*** Opening of DATA UNDER STUDY ***
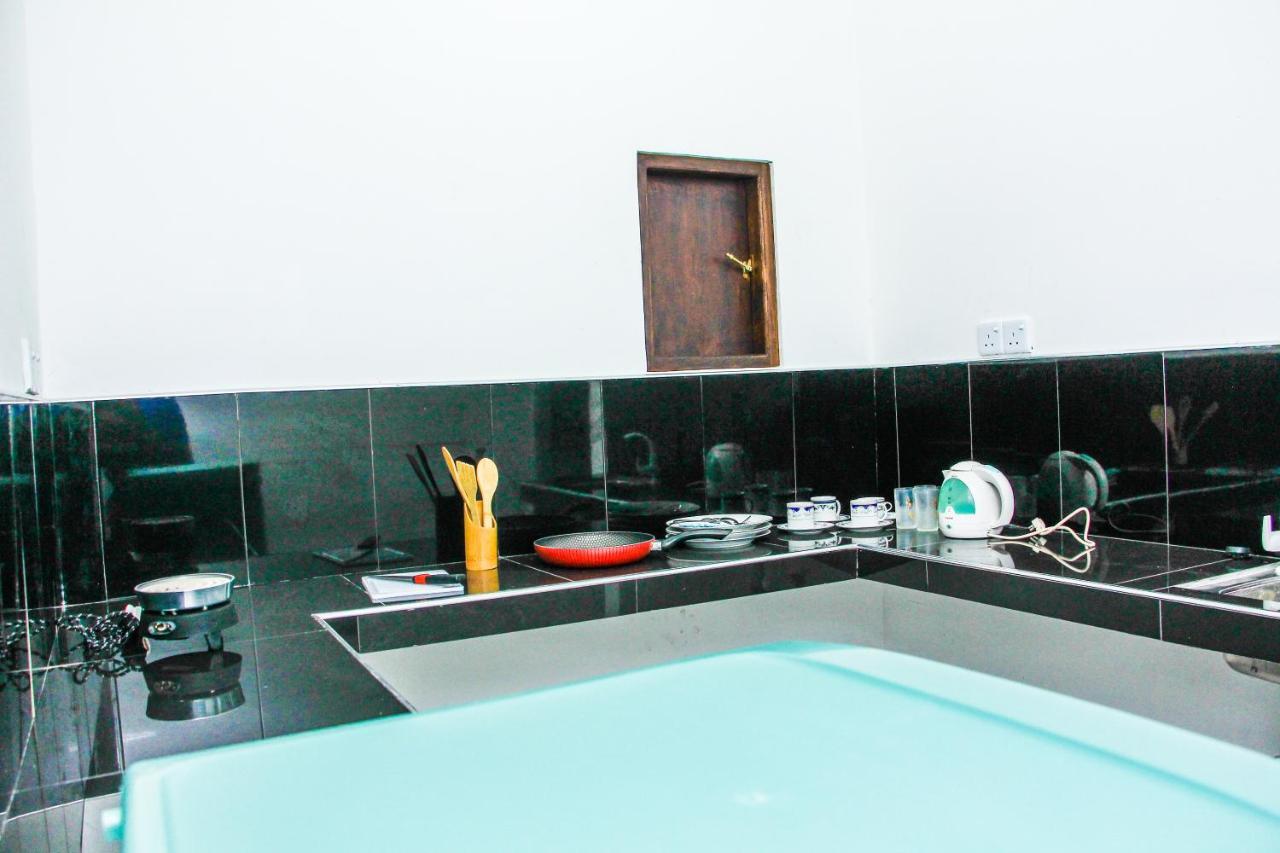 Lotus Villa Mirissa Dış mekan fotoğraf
*** Close of DATA UNDER STUDY ***
*** Opening of DATA UNDER STUDY ***
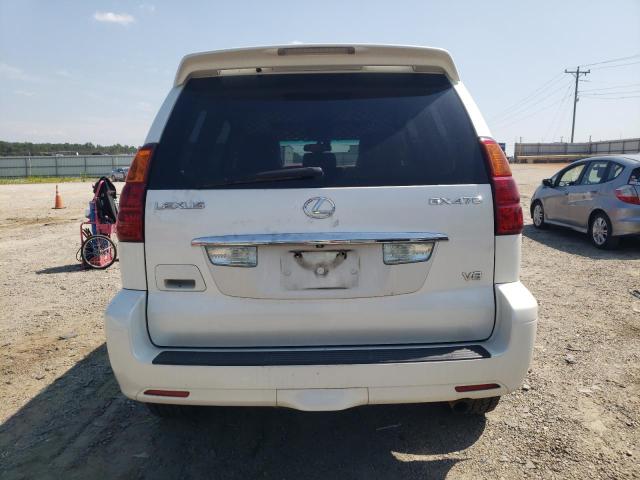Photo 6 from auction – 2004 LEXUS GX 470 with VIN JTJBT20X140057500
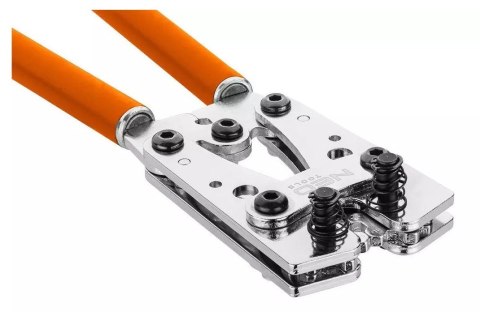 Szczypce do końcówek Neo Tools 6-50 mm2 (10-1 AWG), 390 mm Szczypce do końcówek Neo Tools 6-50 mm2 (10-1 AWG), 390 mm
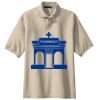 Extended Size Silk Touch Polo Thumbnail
*** Close of DATA UNDER STUDY ***
PROBLEM DESCRIPTION -
Although the records hold pictures, the copy must not; give again exactly the lines from the one with "Photo 6 from" through the one with "Extended Size Silk Touch Polo Thumbnail".

FINAL ANSWER -
Photo 6 from auction – 2004 LEXUS GX 470 with VIN JTJBT20X140057500
 Szczypce do końcówek Neo Tools 6-50 mm2 (10-1 AWG), 390 mm Szczypce do końcówek Neo Tools 6-50 mm2 (10-1 AWG), 390 mm
 Extended Size Silk Touch Polo Thumbnail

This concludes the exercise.